Vivanusa.com - Seperti yang kita ketahui sebelumnya kasus dugaan penistaan agama oleh Ahok sudah mulai di ujung tanduk dan dalam 2 minggu kedepan akan diketahui apa hasilnya. Namun sambil menunggu itu semua, mari kita baca sedikit surat dari seorang Kandidat PhD USyd Australia yang bernama Meilanie Buitenzorgy.

Tulisannya cukup panjang dan jelas, ditulis dalam laman Kompasiana dan tak lupa mencantumkan berbagai sumber data yang diambilnya.

Untuk lebih jelasnya silahkan simak surat terbukanya untuk Ahok dibawah ini :

Dear Ahok,

Apakabar lo hari ini?

Langsung saja Hok. Sebetulnya, tidaklah sulit membuktikan bahwa elo gak salah dalam kasus dugaan penistaan agama di Pulau Seribu. Ada banyak bukti bahwa elo gak bisa disalahkan secara hukum. Bukti-bukti ini bahkan akan menampar pihak-pihak yang sekarang sedang mendiskreditkan elo.

Pihak-pihak tersebut mem-framing seolah-olah dalam pidato itu, elo sedang menafsirkan Al Maidah 51.

Padahal, ketika elo mengatakan “…. Bapak-Ibu dibohongi pakai Al Maidah 51…..”, sesungguhnya elo hanya sekedar menyampaikan FAKTA, bukan menafsirkan ayat. Fakta bahwa Al Maidah 51 memang hanya digunakan sebagai alat kepentingan politik oleh Parpol-parpol Islam. Fakta bahwa di berbagai daerah di pelosok Indonesia, bahkan di daerah mayoritas muslim, parpol-parpol Islam malah mengusung, bahkan memenangkan calon-calon kepala daerah non-Muslim melawan kandidat-kandidat Muslim.
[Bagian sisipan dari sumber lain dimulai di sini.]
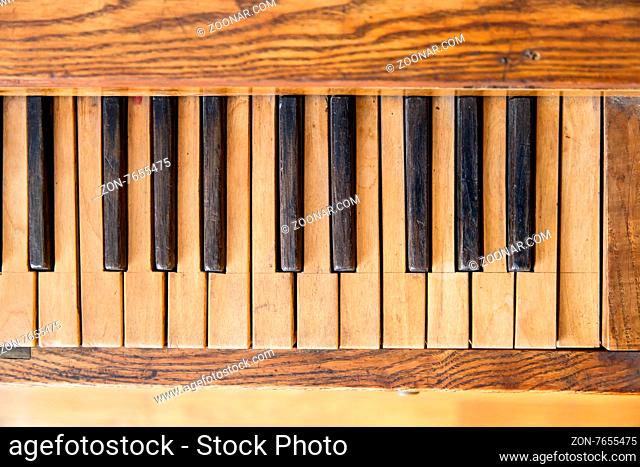 Close up top view of old wooden piano wtih brown and black keys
Ini bukti-buktinya:

1) Tahun 2012, Partai Kebangkitan Bangsa (PKB) tega-teganya mengusung dan sukses memenangkan pasangan cagub-cawagub Cornelis (petahana) dan Christiandy Sandjaya, keduanya Nasrani, di Pilgub Kalimantan Barat yang mayoritas penduduknya (59%) beragama Islam. Sumber

2) Tahun 2015, Partai Keadilan Sejahtera (PKS) dan Partai Kebangkitan Bangsa (PKB) nekad mengusung dan memenangkan seorang PENDETA Nasrani-Tionghoa, Thes Hendrata, di pilbup Kabupaten Kepulauan Sula yang mayoritas penduduknya (96.94%) beragama Islam. Dua pasang kandidat lawannya seluruhnya beragama Islam. Sumber 1 dan 2

3) Tahun 2015, PKB mengusung dan memenangkan Danny Missy (Nasrani) di pilbup Halmahera Barat (Nasrani 59.15%, Islam 40.73%). Sumber

4) Tahun ini, PKS, PAN dan PBB mengusung Paulus Kastanya (Nasrani) di pemilihan walikota Ambon (Nasrani 48%, Islam 34%). Sumber

Keempat kasus ini hanyalah contoh yang bisa gw bantu telusuri di internet, faktanya mungkin lebih banyak lagi kasus parpol Islam mengusung calon non-Muslim di Pilkada.

Kenapa Al Maidah ayat 51 tidak disebut di panggung saat para ustadz dari parpol-parpol Islam mengkampanyekan calon-calon non-Muslim tersebut? Kenapa FPI tidak mengerahkan demonstrasi untuk menentang naiknya Nasrani yang akhirnya menang menjadi Gubernur Kalbar, Bupati Sula dan Bupati Halmahera Barat? Tanya kenapa?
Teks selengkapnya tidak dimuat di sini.